Parmi ses initiatives, le Collectif a premièrement mis à son programme des actions en faveur de l’insertion professionnelle avec en 2018, l’objectif d’augmenter de 30 % le nombre d’apprentis dans les effectifs de ses membres. Objectif atteint. L’effort est maintenant tourné vers le mentorat. Deuxième catégorie d’actions : le développement de produits ou services accessibles à toutes les bourses pour contribuer à la lutte pour le pouvoir d’achat. En troisième catégorie viennent les Achats utilisés comme levier pour « faire émerger de nouveaux acteurs : à la fois servir les PME sur les territoires, servir aussi les acteurs de l’économie sociale et inclusive qui ont eux-mêmes un rôle d’insertion massif », explique Sophie Boissard DG de Korian et co-présidente du Collectif avec Thomas Buberl, DG d’AXA.

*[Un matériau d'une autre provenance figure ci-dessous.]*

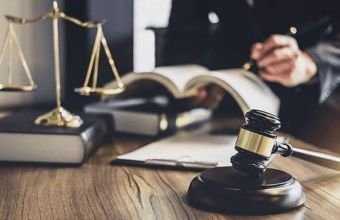 Məişət zəminində psixi zorakılığa yol verilməsi hansı inzibati məsuliyyətə səbəb olur? -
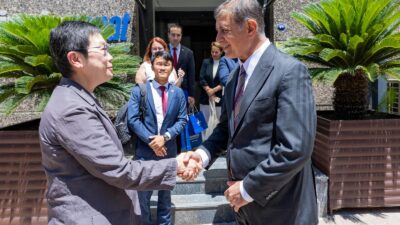 İzmir Büyükşehir Belediye Başkanı Dr. Cemil Tugay, Singapur’un Ankara Büyükelçisi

Sponsor, processus adaptés, outils de mesure
Un Collectif dont les deux co-sponsors du groupe sur les Achats sont le président du groupe Accor, Sébastien Bazin et le PDG de Transdev, Thierry Mallet, qui rappelle l’objectif du Collectif : « avoir un impact soit au niveau de nos achats, directement, soit à travers ceux de nos fournisseurs. » Pour cela, quelques règles basiques ont été établies comme par exemple avoir un sponsor sur les achats inclusifs dans chaque comex, s’interroger sur le recours au secteur de l’inclusion à l’occasion de chaque appel d’offres, simplifier les procédures en faveur des entreprises inclusives, ou encore mettre en place des outils de mesure. Des règles de fond pour une action qui prend nécessairement du temps. « Passer à l’achat inclusif cela se fait forcément sur le long terme », rappelle Thierry Mallet.
Ce qui n’empêche pas de vouloir faire du business tout de suite, d’où l’idée de ce forum auquel participaient 56 entreprises du secteur de l’inclusion.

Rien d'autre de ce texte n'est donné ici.